By Barbara D’Amato
A couple of days ago I got home after attending the Mystery Writers of America Edgar Awards in New York and then the Malice Domestic Convention’s Agatha Awards in Washington, D.C. The events were fun for attendees, rewarding to the nominees and winners, and in my opinion, good for the mystery/crime writing field.
There are always complaints. The wrong novel won. It’s just a popularity contest. Plenty of wonderful books didn’t make the list. Even “Why do we bother?” or “It’s fixed anyway.”
The Edgars and the Agathas represent two different types of awards. The Edgars, like the Shamus and Thrillerwriters, is a judged award. The Agathas slate, like the Bouchercon’s Anthony, is arrived at by nominations sent in by people who are registered to attend, and then after arriving the attendees vote for the final winner.
Over the years I’ve served on several Edgar Awards committees—the short story a couple of times and chaired it once, the best novel at least twice, best play, best fact crime a couple of times and chaired it once, best several others. The last time I served on the best novel committee, we received 554 books. Okay, I’m easily caught. But one thing I can tell you, and that is, it’s not fixed.

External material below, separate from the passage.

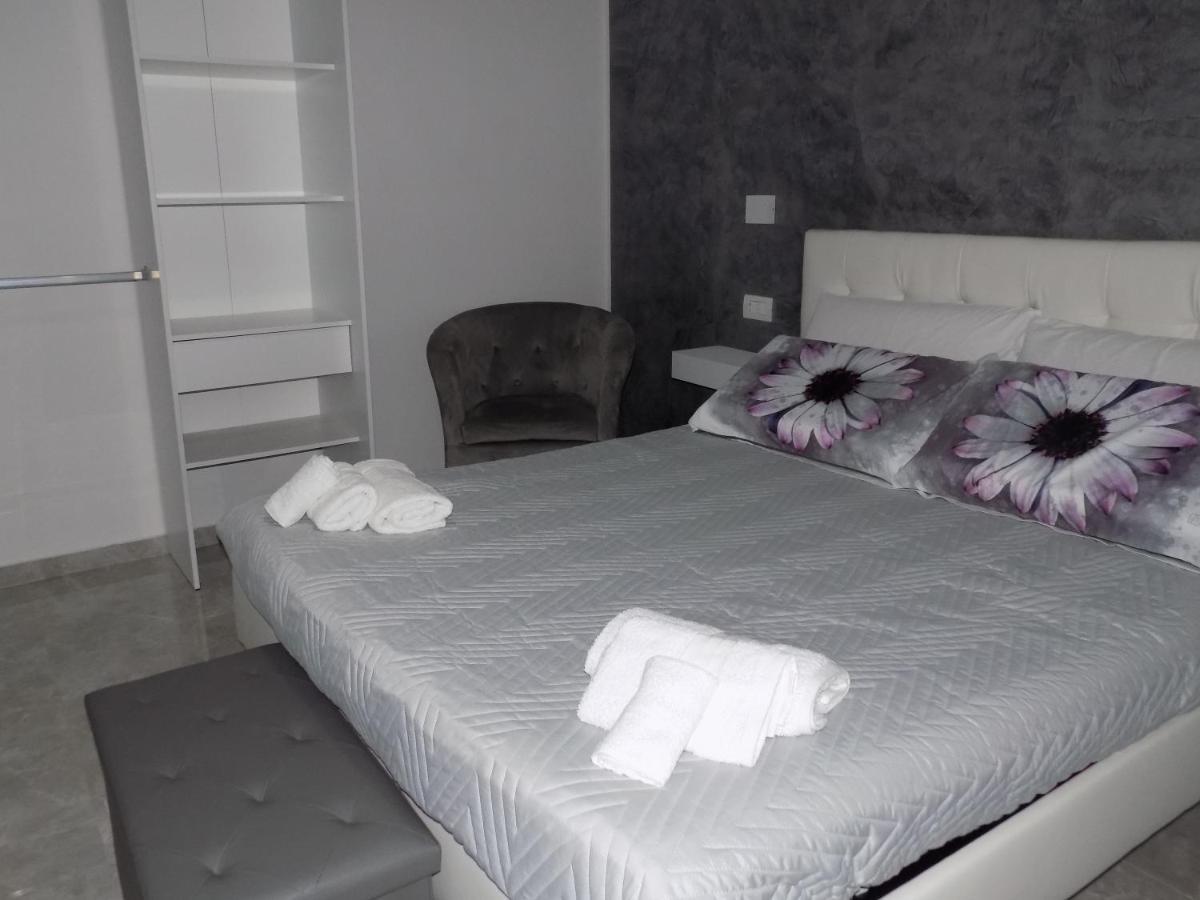 Casa Sanabria Hotel Бари Екстериор снимка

Sean Chercover’s good post “Confessions of an Edgar Judge . . .” got me thinking about the misunderstandings people have about these awards. Most judges are like Sean, earnest and fair. I haven’t run into any like the one Paul Guyot referred to in his comment, who said he knew what was good, so he didn’t need to read the books. People being people, there probably are a few like that, or at least some who don’t give a fair try to books of a type they don’t like. However, people are all we have available to use. One of the big boons of judged awards is that books that haven’t made bestseller lists are often nominated. This gives recognition to writers who get far too little. Check the lists of winners for the last few years and I think you will see that few big bestsellers are actually nominated. I just love it when a writer who has received little attention wins an award and proceeds dazed and delighted to the stage.
The convention-vote awards are criticized for being popularity contests. Well, duh. However, they are popularity contests in the sense that readers have actually enjoyed the books. Here again, the nominees and winners are usually not the big bestsellers, and aren’t the bestseller lists the real Big Popularity Contests? And frequently criticized for being fixed?
There are other awards arrived at somewhat differently, like the Macavity, or the Love Is Murder Lovie. But they all do one thing—give recognition to authors who might otherwise receive none. I don’t agree with the people who wish awards didn’t exist.
If you have suggestions about improving the processes, great. Let’s hear them.